Bir film yaptım, bir sinema filmi. Bana inanan tiyatro ve sinema oyuncularıyla, bana güvenen yeşil beyazlı taraftarların desteği ve Nilüfer Belediyesi'nin hayat öpücüğü ile filmimizi sinemalarda gösterilecek hale getirmeyi başardık.
Bu kimine göre başarı olarak görülmeyebilir. Saygı duyarım.
Alkış da var, küfür de…
Olacak elbet,
Burada söz konusu olan kentin dinamik ve değerlerine sahip çıkmaktır.
Bizi ve çalışmalarımızı kötüleyenlerin eline ne geçiyor çok merak ediyorum. İstanbullu olsalar gam yemeyeceğim, hadi kıskanıyorlar, bursa ve Bursaspor'un başarılarını çekemiyorlar, şampiyonluğu ellerinden aldıktan sonra filmimizle sinemaya da el atmamız onları çıldırtıyor, diyeceğim ama bize ve bizim insanımıza ne oluyor, neden böyle davranıyorlar anlamıyorum. Dedim ya bu bir film, sinema filmi yani. Kimse de beğenmek zorunda değil, lakin hiddetle kötüleme ve karalama yarışına girmenin manası nedir? Birilerinden para filan mı alıyorlar, ellerine ne geçiyor böyle yapmakla anlamıyorum! Bu bir ilkti, olanaklarımızı herkes biliyor, yine de derdimizi anlatan, sinematografik değeri olan bir eser ortaya çıkardığımızı rahatlıkla söyleyebilirim. Elbette daha iyisi olabilirdi, şimdilik elimizden gelen budur. Bu kentte sinema adına bir kapı araladık, daha iyisini yapabilen varsa çıksın yapsın, alkışlayalım!
Farkındayız, bir şaheser ortaya çıkaramadık. Her zaman daha iyisi vardır, biz de eldeki olanaklarla en iyisini yapmaya çalıştık.
Pişman olacak bir iş yapmadık.

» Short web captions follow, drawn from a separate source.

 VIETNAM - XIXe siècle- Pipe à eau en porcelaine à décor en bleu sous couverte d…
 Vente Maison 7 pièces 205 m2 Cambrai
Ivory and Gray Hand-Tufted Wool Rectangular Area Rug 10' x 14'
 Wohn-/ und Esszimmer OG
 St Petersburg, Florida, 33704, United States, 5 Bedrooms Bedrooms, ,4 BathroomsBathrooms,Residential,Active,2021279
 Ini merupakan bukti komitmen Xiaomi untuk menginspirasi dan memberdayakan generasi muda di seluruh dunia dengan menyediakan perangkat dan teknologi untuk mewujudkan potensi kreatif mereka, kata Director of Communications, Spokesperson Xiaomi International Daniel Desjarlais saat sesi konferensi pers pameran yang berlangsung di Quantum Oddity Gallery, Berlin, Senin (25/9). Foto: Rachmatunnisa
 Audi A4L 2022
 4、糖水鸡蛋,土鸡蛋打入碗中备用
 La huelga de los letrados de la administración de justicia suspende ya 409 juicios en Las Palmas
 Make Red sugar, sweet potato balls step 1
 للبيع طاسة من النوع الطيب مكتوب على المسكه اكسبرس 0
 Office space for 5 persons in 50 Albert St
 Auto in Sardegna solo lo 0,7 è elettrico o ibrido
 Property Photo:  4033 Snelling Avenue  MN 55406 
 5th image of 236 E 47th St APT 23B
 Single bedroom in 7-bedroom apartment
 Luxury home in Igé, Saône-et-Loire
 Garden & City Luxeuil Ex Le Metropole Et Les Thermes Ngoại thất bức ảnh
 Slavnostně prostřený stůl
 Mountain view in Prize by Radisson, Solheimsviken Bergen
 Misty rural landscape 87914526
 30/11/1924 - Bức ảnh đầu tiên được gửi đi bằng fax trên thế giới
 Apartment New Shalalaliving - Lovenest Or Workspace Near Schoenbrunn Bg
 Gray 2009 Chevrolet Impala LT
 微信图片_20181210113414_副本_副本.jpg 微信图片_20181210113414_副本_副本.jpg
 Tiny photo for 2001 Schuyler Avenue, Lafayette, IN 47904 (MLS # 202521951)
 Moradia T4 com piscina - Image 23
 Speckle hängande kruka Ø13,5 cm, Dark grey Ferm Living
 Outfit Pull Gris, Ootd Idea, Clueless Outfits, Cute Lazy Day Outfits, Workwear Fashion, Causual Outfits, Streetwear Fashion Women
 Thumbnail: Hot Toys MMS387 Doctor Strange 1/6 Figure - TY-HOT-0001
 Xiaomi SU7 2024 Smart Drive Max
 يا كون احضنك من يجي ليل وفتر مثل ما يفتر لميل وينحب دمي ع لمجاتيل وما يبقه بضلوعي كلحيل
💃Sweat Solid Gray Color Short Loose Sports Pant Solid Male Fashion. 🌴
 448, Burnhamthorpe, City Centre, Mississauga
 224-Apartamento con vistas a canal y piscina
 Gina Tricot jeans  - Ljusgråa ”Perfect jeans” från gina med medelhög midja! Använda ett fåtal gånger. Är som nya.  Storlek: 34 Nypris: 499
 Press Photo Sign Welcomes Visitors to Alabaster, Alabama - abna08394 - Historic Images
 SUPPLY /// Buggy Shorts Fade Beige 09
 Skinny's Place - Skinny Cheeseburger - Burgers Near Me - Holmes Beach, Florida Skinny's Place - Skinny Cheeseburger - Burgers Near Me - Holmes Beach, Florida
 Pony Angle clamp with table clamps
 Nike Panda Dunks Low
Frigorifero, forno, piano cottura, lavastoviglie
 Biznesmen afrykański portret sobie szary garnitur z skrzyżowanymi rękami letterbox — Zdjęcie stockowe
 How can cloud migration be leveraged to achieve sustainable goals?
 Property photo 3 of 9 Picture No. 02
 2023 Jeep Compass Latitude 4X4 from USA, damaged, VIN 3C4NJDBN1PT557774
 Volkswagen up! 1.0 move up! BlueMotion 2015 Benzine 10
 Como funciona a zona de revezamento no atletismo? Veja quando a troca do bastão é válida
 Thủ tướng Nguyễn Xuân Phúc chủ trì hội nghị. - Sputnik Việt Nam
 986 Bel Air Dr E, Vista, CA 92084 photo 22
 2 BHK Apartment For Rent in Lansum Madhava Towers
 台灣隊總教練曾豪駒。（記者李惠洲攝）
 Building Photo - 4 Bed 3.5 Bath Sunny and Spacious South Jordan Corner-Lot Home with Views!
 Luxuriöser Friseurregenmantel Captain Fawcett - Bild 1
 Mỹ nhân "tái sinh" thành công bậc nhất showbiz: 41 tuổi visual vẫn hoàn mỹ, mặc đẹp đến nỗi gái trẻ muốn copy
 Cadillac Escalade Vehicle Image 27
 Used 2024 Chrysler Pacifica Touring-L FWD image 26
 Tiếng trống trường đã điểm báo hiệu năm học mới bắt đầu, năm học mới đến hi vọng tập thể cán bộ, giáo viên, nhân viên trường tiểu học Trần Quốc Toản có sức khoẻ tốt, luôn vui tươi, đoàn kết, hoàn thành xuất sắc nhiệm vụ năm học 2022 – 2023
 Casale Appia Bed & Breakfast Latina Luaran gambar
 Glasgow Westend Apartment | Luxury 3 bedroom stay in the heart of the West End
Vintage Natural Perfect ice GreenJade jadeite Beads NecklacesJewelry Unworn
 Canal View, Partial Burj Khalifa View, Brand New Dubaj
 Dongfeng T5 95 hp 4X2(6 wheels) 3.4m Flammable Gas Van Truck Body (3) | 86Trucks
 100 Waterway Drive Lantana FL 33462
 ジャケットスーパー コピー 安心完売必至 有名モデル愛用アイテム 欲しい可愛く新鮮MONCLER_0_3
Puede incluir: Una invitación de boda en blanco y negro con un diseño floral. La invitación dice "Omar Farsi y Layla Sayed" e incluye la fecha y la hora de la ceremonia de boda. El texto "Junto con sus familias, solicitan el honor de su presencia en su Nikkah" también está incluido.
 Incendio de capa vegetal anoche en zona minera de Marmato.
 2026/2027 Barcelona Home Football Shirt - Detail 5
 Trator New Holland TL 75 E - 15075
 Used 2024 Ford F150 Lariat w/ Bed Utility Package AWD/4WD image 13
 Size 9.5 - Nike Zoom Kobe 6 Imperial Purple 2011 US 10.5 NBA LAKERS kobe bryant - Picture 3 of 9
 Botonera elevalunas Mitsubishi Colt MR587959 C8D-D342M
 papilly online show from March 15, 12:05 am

Amma ve lakin, bizi bu duruma sokmasınlar! "Bursaspor kulübü neden hiç destek olmadı?" şeklinde bir soruyla karşılaşıyoruz her yerde.
Projenin ortaya çıktığı ilk günden vizyonda olduğu bugüne kadar Bursaspor camia olarak bize kayıtsız kaldı. Bursaspor Kulübü yetkililerinin ve en çok temasta olduğum Varol Çorapçıgil ile Osman Nuri Biçer'in bize destek olmasını beklerdim!
Üzgünüm, bir Bursalı ve Bursasporlu olarak kulübün, yaptığım bu tarihi işe kayıtsız kalması acı veriyor bana! Ayrıca bu isimler neden böyle davranıyorlar bize anlamıyorum…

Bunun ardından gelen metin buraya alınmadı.